- Court: High Court of New Zealand
- Full case name: Dean Jack Eyre v New Zealand Press Association Limited
- Citation: [1968] NZLR 736

Court membership
- Judge sitting: McGregor J

Keywords
- negligence, defamation

= Eyre v New Zealand Press Assoc Ltd =

Eyre v New Zealand Press Assoc Ltd ([1968] NZLR 736) is a cited case regarding the defamation defence of common law privilege, ie.reporting of statements made by the plaintiff.

==Background==
In the run-up to the 1966 general election, the outgoing MP and Defence Minister, Dean Eyre, made an election speech regarding the Vietnam War.

The New Zealand Press Association subsequently printed an article on the speech, and rather than print the entire speech, just quoted selected parts of his speech, including that he "would give North Vietnam a basinful of bombs tomorrow morning if he had his way", plus a quote that "we are dealing with Oriental people.

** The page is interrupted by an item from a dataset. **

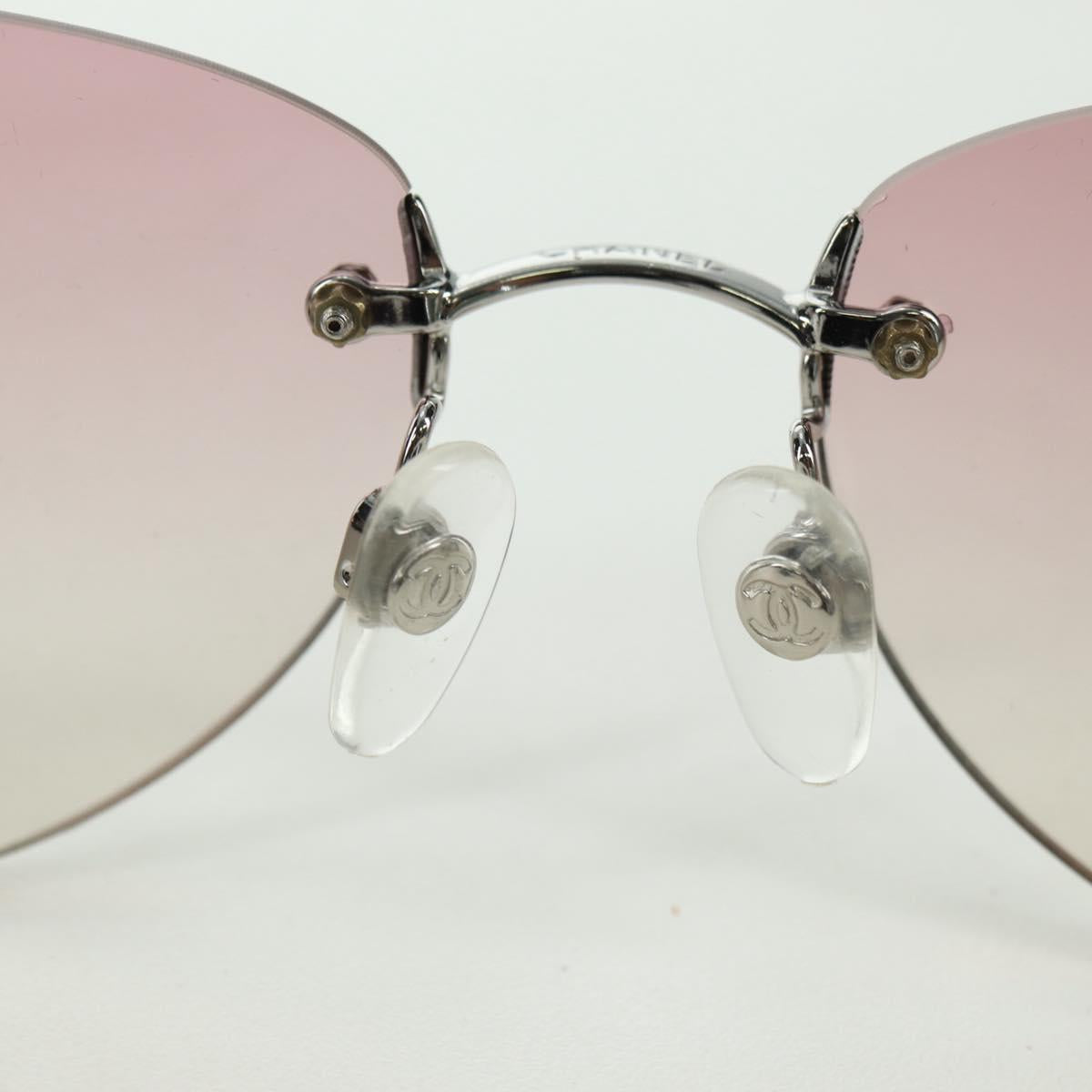 CHANEL Rimless CC Sunglasses metal Purple CC Auth am11594V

They are different from ourselves".

The Minister found these statements to be defamatory, as with regards to the "basinful of bombs" quote, it should have been qualified by the fact that he had said this regarding only military targets, and with regards to the "oriental people" quote, the article giving this quote only 3 sentences after the basin of bombs quote, gave the impression that the Minister was saying that Oriental people deserved to be bombed, when in reality, this second quote was only made at the end of the meeting.

The Minister sued the NZPA for defamation, which the NZPA defended the basis of fair reporting of a public meeting, as the Minister did make these statements at the meeting.

==Held==
The Court held that these selected statements combined were inaccurate reporting, and so was defamation. The District Court's previous award of $15,000 damages was thus upheld.